= Emma Cheves Wilkins =

American painter

Emma Cheves Wilkins (1870–1956) was an American painter who played a major role in the art scene in Savannah, Georgia during the early twentieth century. Her works can be found in the permanent collections of Armstrong State University in Savannah, the Morris Museum of Art in Augusta, the Telfair Museum of Art in Savannah, and in private collections.

== Background ==
Emma Cheves Wilkins was born on December 10, 1870, the first child of Emma Cheves and Gilbert A. Wilkins. She was a lifelong resident of Savannah, Georgia and inherited the artistic talents of her mother and grandmother. She studied at the Telfair Academy under Carl Brandt. Alongside her mother in the 1890s, Wilkins taught art lessons at a studio in Savannah as the market for her artwork extended.
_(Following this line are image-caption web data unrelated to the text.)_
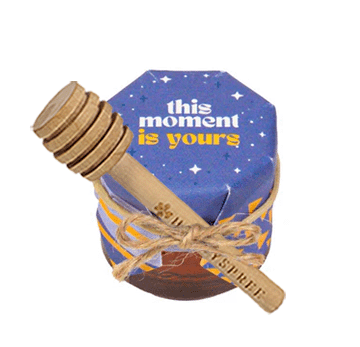 Decorative jar with wooden spoon and 'this moment is yours' text on a white background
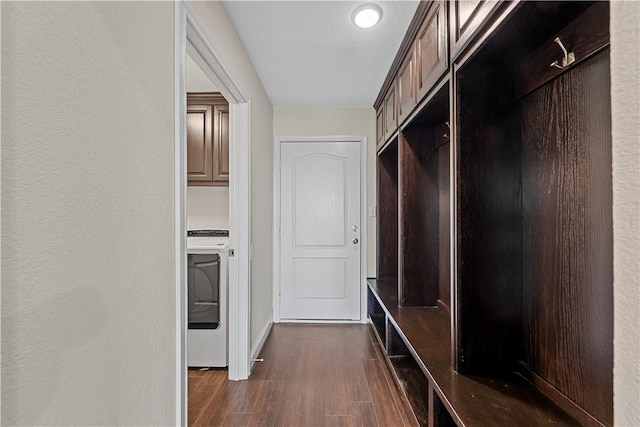 mudroom featuring washer / clothes dryer and dark wood-type flooring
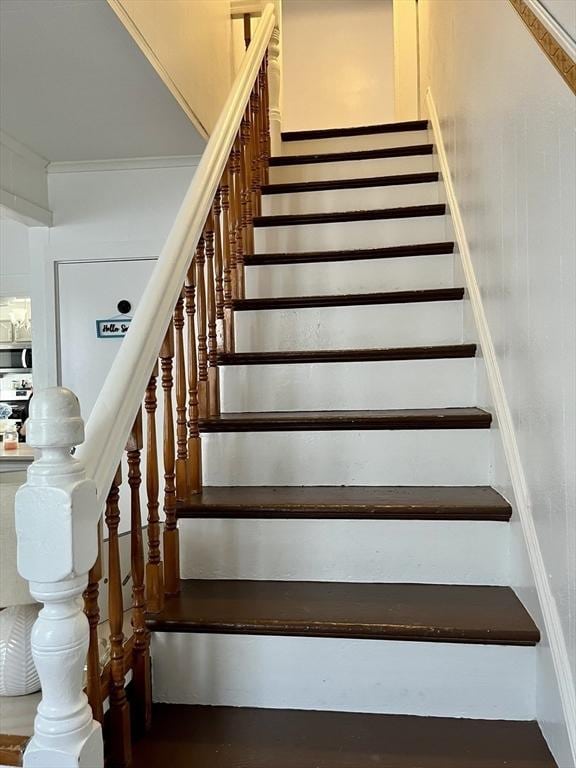 stairway with crown molding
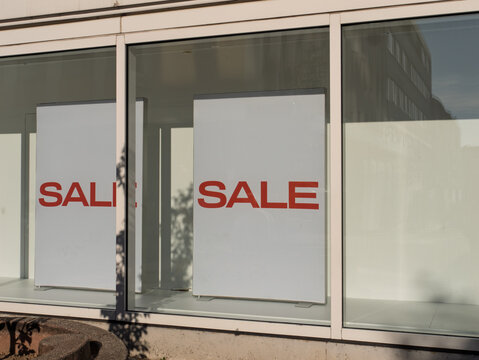 Sale Signage Displayed in Retail Window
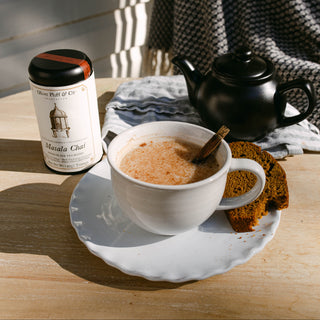 Cup of masala chai with a tin of masala chai mix on a wooden table.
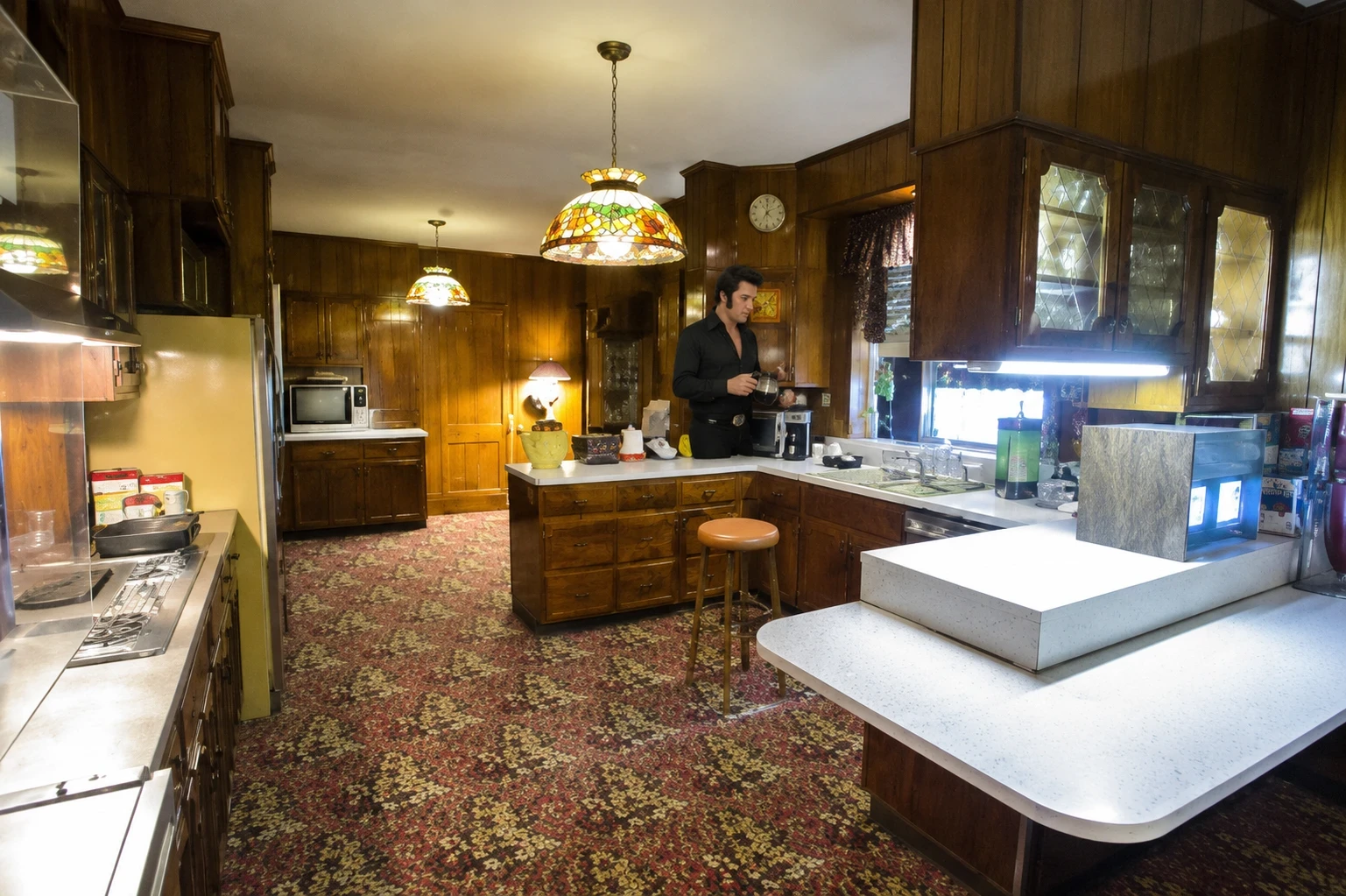 Elvis Presley standing in the Graceland kitchen surrounded by dark wood paneling, vintage lighting, patterned carpeting, and retro kitchen décor.
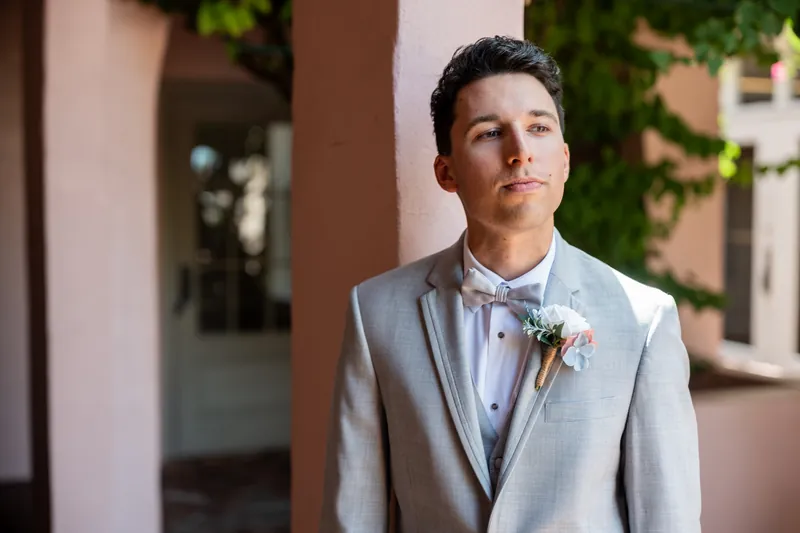 A man in a light gray suit and floral boutonniere gazes thoughtfully at The White Room before the ceremony.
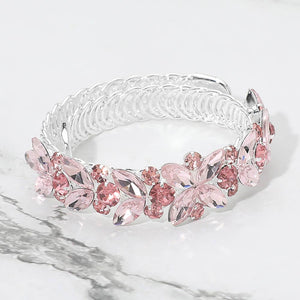 Pink marquise floral crystal bracelet on silver with adjustable fit, elegant statement jewelry for prom and evening wear on a marble background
As a self-sustaining artist, Wilkins painted portraits of judges, politicians, bankers, doctors, and to a lesser extent of women and children.

Wilkins traveled to Paris in 1896 with fellow Savannah artist Lucile Desbouillons. The pair lived at the American Girls' Club for a few months and were enrolled in Gustave-Claude-Etienne Courtois and Louis-Auguste Girardot's classes for foreigners at the Académie Colarossi. In the 1900s, she began restorative artwork on several paintings. Wilkins also exhibited her work frequently. In 1931, she was awarded a prize for the "best local subject painted in or around Savannah" for a work she exhibited at the eleventh annual exhibition of the Southern States Art League.